I have few fence posts piers that are in great shape. However, the fence post itself has rotted. For these few fence post piers, I was able to fully extract the rotted fence posts. Now, I can easily slip in a new fence post without any issues. 

The fence post piers that I have go about 5 feet deep. Because of this it makes it difficult to simply remove the piers themselves. Considering I can now just slip in a new fence post, I was wondering the following:

*Primary Question:*

What would be the best way to secure the fence post in the pier to make it sturdy and to not wobble in the fence post pier? Someone in the past suggested to put silicon between the cracks, but I am not sure what silicon I could use or even if that would be advisable? Others, have said to put concrete between the cracks of the fence post pier and the fence post itself? However, concrete is sort of thick. I am not sure it would go easily between the cracks. The fence posts fit quite snug, but still are a bit loose. 

*Secondary Question:*

For a few other fence posts, I have broken off the fence post, and now the wood is stuck in the fence post pier itself. Is there anyway to remove the wood from the concrete? Like drill out the wood from the fence post pier? Somehow break up the wood in the fence post pier? Or somehow put something into the wood that will grab the wood and pull it out? Any good ways to do this? 

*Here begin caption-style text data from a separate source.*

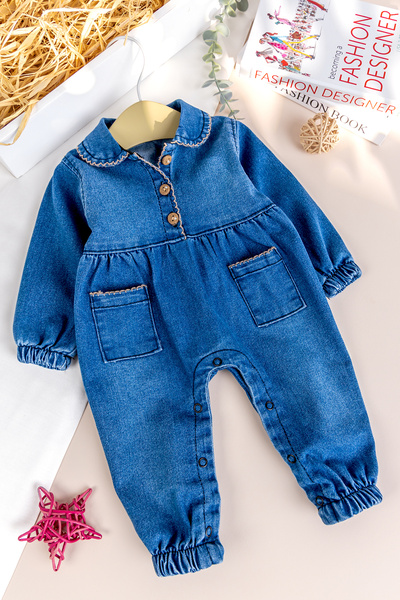 Babymod Baby Girl Denim Overalls with Bebe Collar and Pocket Detail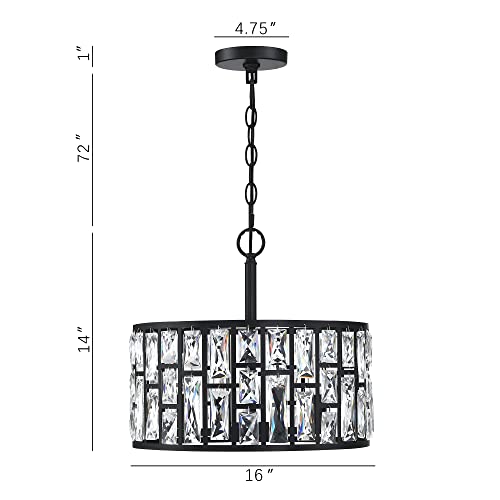 Farmhouse Crystal Convertible Chandelier and Semi Flush Mount Lighting Black Cylinder Drum Shade Pendant for Kitchen Island Dining Room Bedroom Hallway
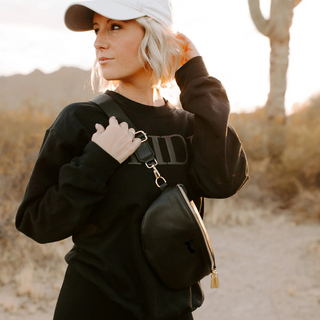 Black Leather Fanny Pack Crossbody Bags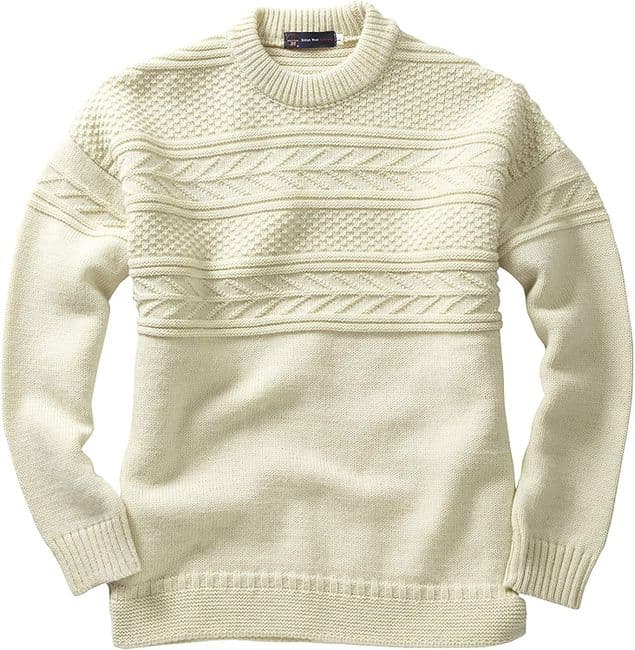 Pure British Wool Guernsey Crew Neck Ecru Jumper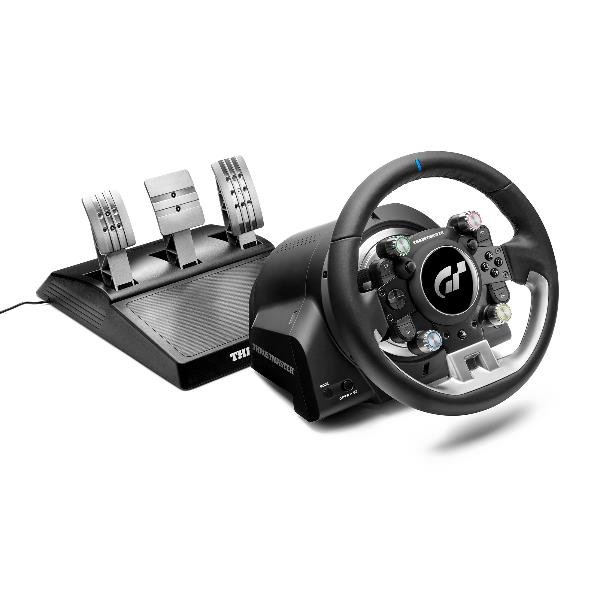 THRUSTMASTER T-GT II VOLANTE CON PEDALIERA A 3 PEDALI PS5 PS4 PC FORCE FEEDBACK IN TEMPO REALE COLORE NERO SILVER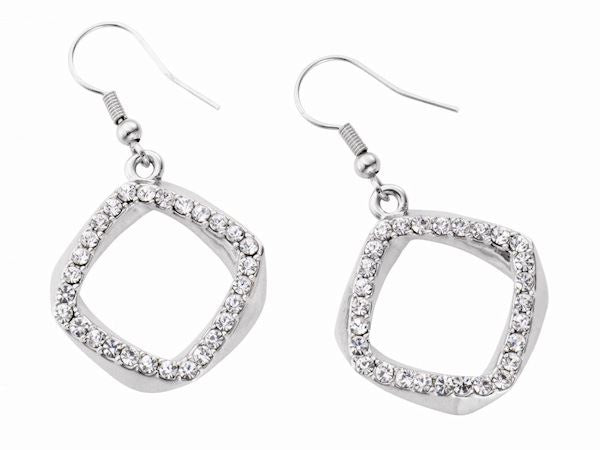 Crystal Cubic Earrings Womens Ladies Girls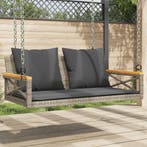 vidaXL Schommelbank met kussens 109x62x40 cm poly rattan, Verzenden, Nieuw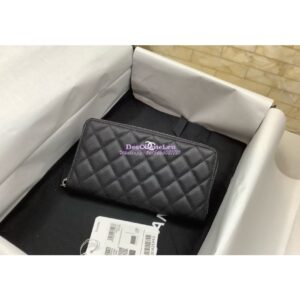 Replica Chanel zip around wallet A50097 in black caviar leather 2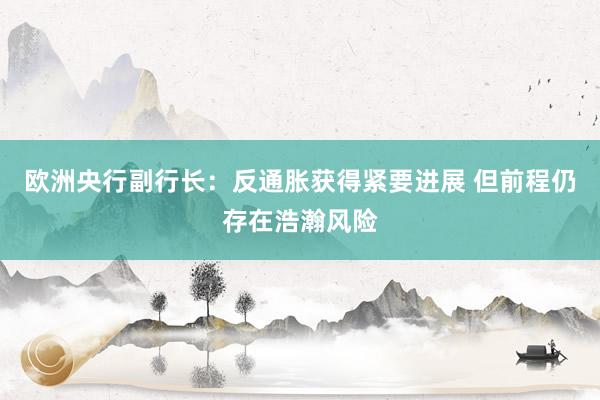 欧洲央行副行长:反通胀获得紧要进展 但前程仍存在浩瀚风险
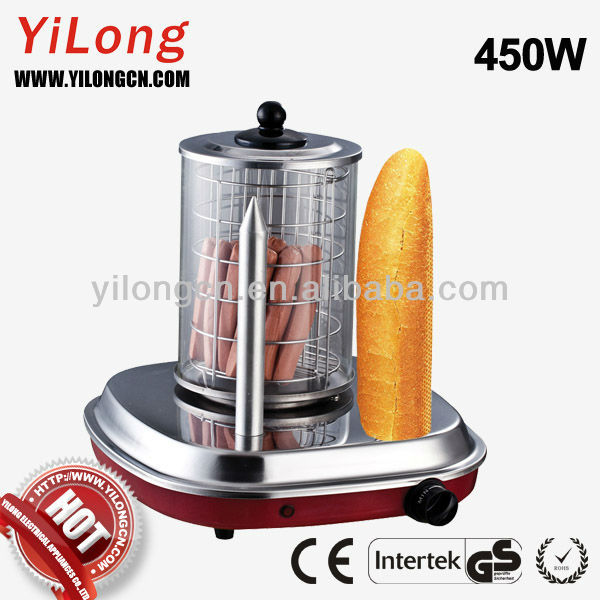 Home hot dog warmer,450W,CE/GS,1 glass cylinder
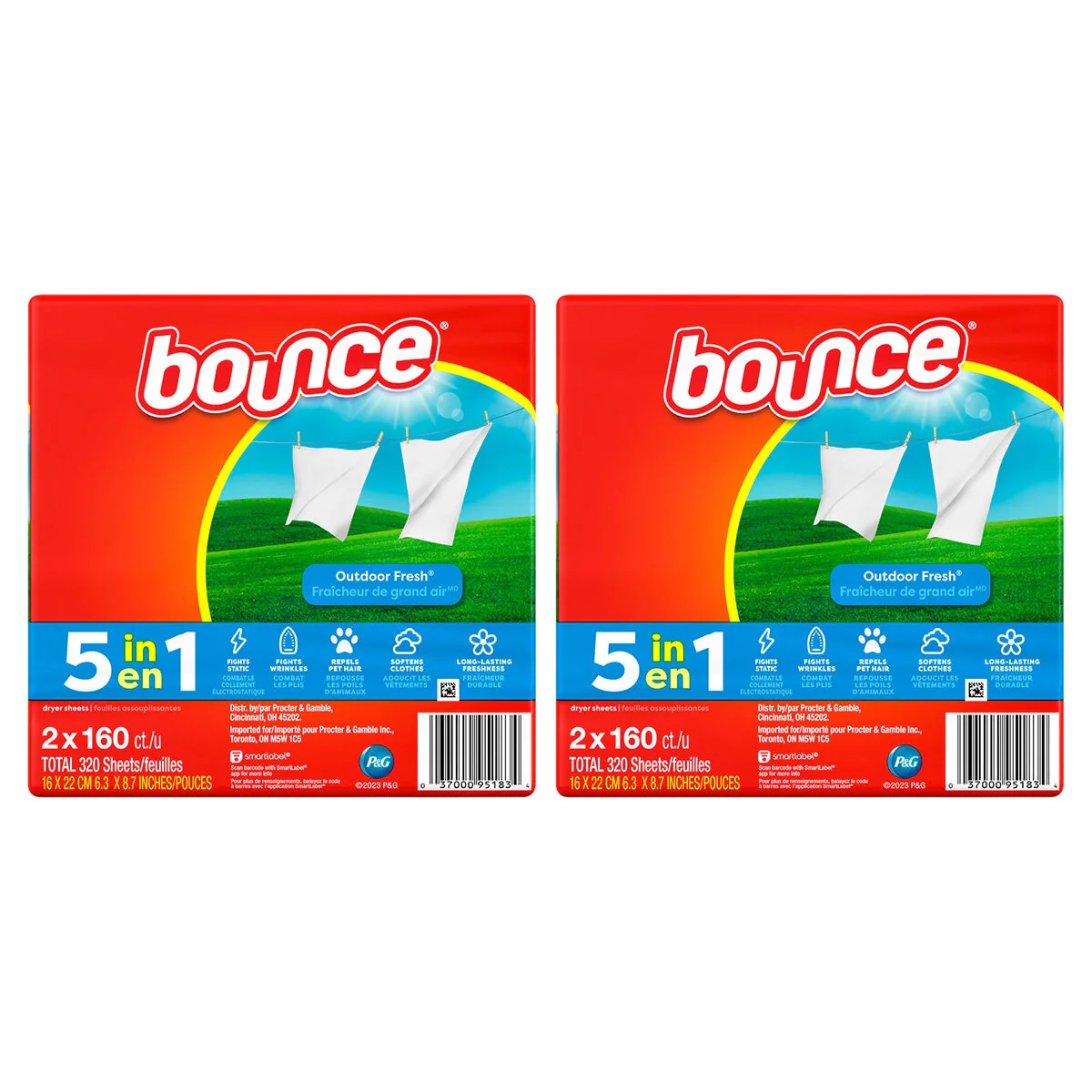Bounce Fabric Softener Dryer Sheets 4 x 160 Pack Anti-Static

Look forward to everyone's input. :thumbsup:

Thanks,

Jason


----------



## jcrack_corn (Jun 21, 2008)

I dont think what you are doing is generally recommended....it really wont offer any protection from wind blowing the fence up and out. And if you are in a freeze zone, water will get in those spaces and eventually it will all fail.

That being said I would fill those holes with hydraulic cement and then quickly get the new post in....it binds to concrete and expands...i've had good luck with it in the past.

Be careful with it, it doesnt come off of anything once on it (nearby structures, fence wood, etc). It also gets pretty hot as it cures if you get it on you. And it sets up quickly, you have only a few minutes of working time. One post at a time.


----------



## Ravenworks (Oct 31, 2010)

If you are going to all this trouble what don't you just offset the new post and put them in new holes,it's the right way,what's a bag of cement cost 4 buck's?


----------